# Mapping Will Rogers World Airport (Peter Delpeut)



Herbie would tell the story after about six Buds, without fail. None of the regulars listened, for everyone in Oklahoma City had their own story about Black Sunday, April 14, 1935. “But mine is about April 15,” Herbie protested. “A Monday. I don’t work Sundays.”



He had not been to church that Sunday. He had been observing the sky, how it was turning black, which did not bode well for the way things were looking to the west, in the Panhandle: blacker than black. There was no way to pray against that particular wrath of the Lord, he avowed when the minister questioned him about his absence the following week. On Judgement Day, he’d rather be at home.

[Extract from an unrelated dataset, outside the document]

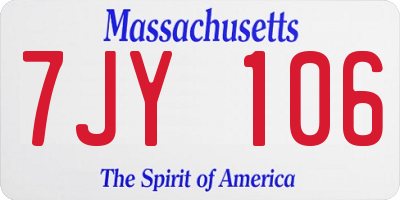 MA license plate 7JY106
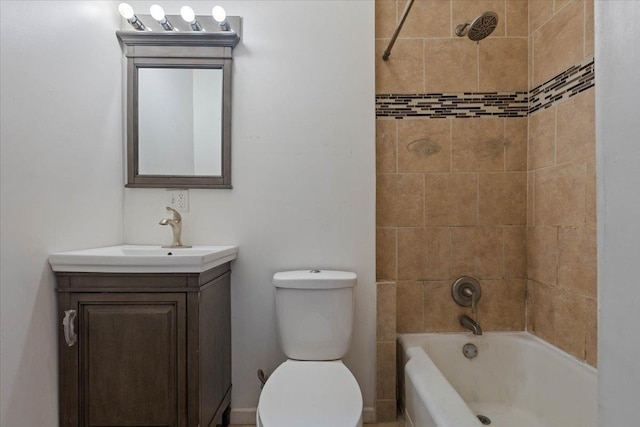full bath featuring toilet, vanity, and shower / bathing tub combination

Anyway, he had gone to sleep Sunday night. The angels would surely wake him up if they cared about him. Monday morning, you could hear the silence creaking, he said as if he could still hear it. He covered the nine miles to the Oklahoma City Municipal Airfield, as it was then known in full, on foot. Not one bus showed up that day. Under the leather soles of his boots crunched the fine sand that covered everything, even the leaves on the trees. The blades of grass on the roadside were staring at him greyly. No breath of wind made them whisper. While there was plenty to say.



Where the hell were ya? Where ya been? they scolded him; back then too you were nothing in this country without a car. Herbie halted, did not hear them. The four parked planes that had not taken off on Sunday were just being towed away by their tails. The wheels left a pattern of lines in the carpet of sand. If you followed them back, like the trajectories on a radar screen, you ended up at a perfect imprint of an airplane, left blank on the concrete, its wings tightened, its bulky body short and stocky, its tail slender.



They seemed to have just landed there. Not really, of course, but as if God himself had drawn it there in the sand, an enormous route map, only the flight details were missing. He climbed the control tower to take a good look at it all. The air traffic controller must have noticed it too; this was what everyone dreamed of. But to draw it you’d have to be like God, who sees everything and knows everything, from the smallest mistake to the biggest turn, from approach to landing.



The wind picked up like a dog shaking its fur dry after a swim. Suddenly, the drawing disappeared. On the airfield a new, quivering pattern of narrow ridges appeared in the sand, neatly arranged in the direction of the wind. If a pilot had wanted to land a plane with its nose in the wind, he only had to look at that pattern, Herbie thought.



No one listened to him anymore, not even the most stalwart of regulars. No one realized – not even he himself – that Herbie had seen a future in which the invisible could be drawn.